When bound on all interfaces calls to /api/v1/endpoints return the eth0 IP for the apiserver secure port. In most cases this would probably be fine
but since we were running kubernetes on a virtualbox vm eth0 is the
NAT interface created by by virtualbox that can onl be reached through
host ports on which VBoxHeadless is listening.
When outgoing traffic leaves a pod it hits a set of iptables rules
matching cluster service ips and redirecting to a port on the proxy
the proxy then forwards the request to the actual machine in the
cluster.
In this case kube-proxy did not have available the
externally reachable ip for the apiservice instead it had unreachable the eth0 address used by virtualbox.
Oddly though it seems as if the proxy then attempts to contact the
api on its insecure port (it knows the intended destination for the
request due to the iptables rules which it creates).
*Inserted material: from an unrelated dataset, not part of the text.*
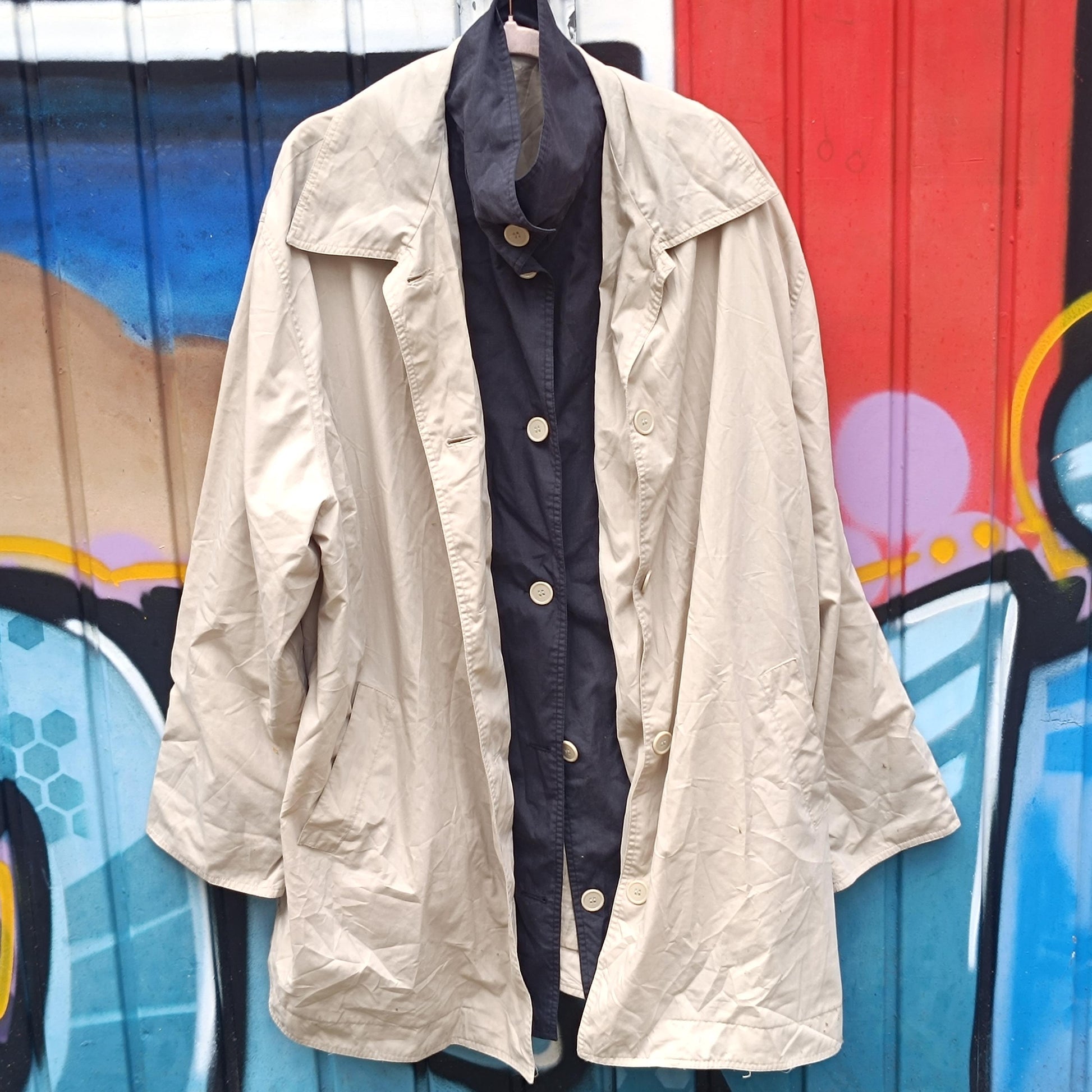 Vintage 1980s Trench Coat Oversized Cream Long Raincoat Light Utility Jacket M L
Since our request
in this case is https the apiserver drops it after the first client
hello.
Normally in curl this looks like this
root#app-master-0:/home/vagrant# curl -v --insecure \
https://10.235.1.2:8080/api/v1/namespaces/default/services?labelSelector=name%3Dtest-server
* Hostname was NOT found in DNS cache
* Trying 10.235.1.2...
* Connected to 10.235.1.2 (10.235.1.2) port 8080 (#0)
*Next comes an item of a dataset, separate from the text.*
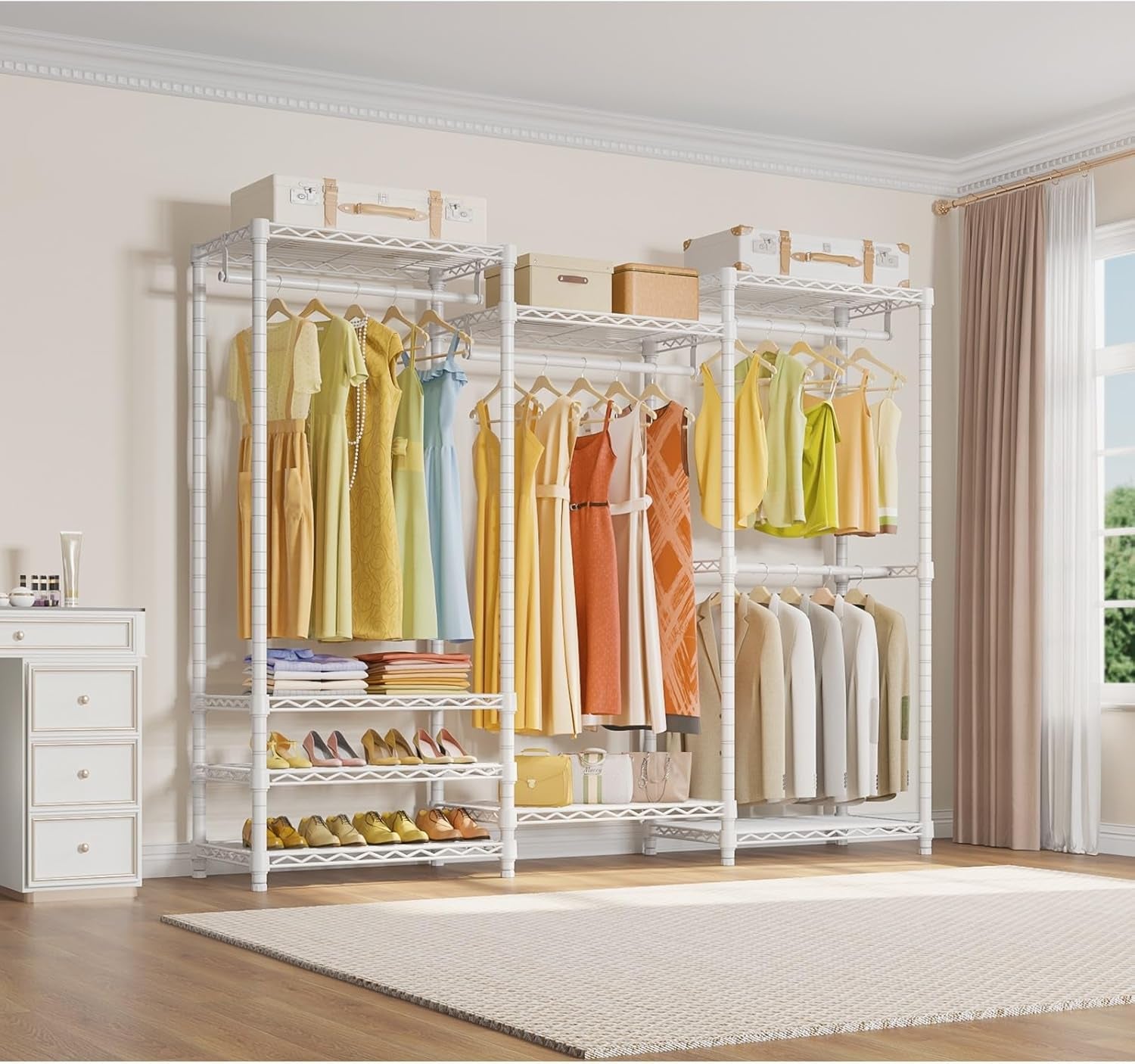 V5 Portable Closet Wardrobe Heavy Duty Clothes Rack, Freestanding Clothing Racks with 4 Hang Rods & 8 Shelves, Adjustable Custom Closet Racks, 68.9" L X 15.7" W X 76.4" H, Max Load 800LBS, White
* successfully set certificate verify locations:
* CAfile: none
CApath: /etc/ssl/certs
* SSLv3, TLS handshake, Client hello (1):
* error:140770FC:SSL routines:SSL23_GET_SERVER_HELLO:unknown protocol
* Closing connection 0
curl: (35) error:140770FC:SSL routines:SSL23_GET_SERVER_HELLO:unknown
protocol
But when being proxied through the kube proxy it looks like this
root#itest-pod-2:/# curl -v --insecure \
https://$KUBERNETES_SERVICE_HOST:443/api/v1/namespaces/default/services?labelSelector=name%3Dtest-server
* Hostname was NOT found in DNS cache
* Trying 10.245.0.1...
* Connected to 10.245.0.1 (10.245.0.1) port 443 (#0)
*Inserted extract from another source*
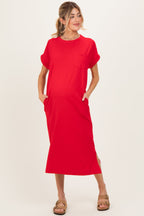 Red Pocket Front Maternity Midi T-Shirt Dress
* successfully set certificate verify locations:
* CAfile: none
CApath: /etc/ssl/certs
* SSLv3, TLS handshake, Client hello (1):
* Unknown SSL protocol error in connection to 10.245.0.1:443
* Closing connection 0
curl: (35) Unknown SSL protocol error in connection to 10.245.0.1:443
by adding --bind-address=xxxx with the externally reachable eth1 ip to the apiserver's args we were able to fix this.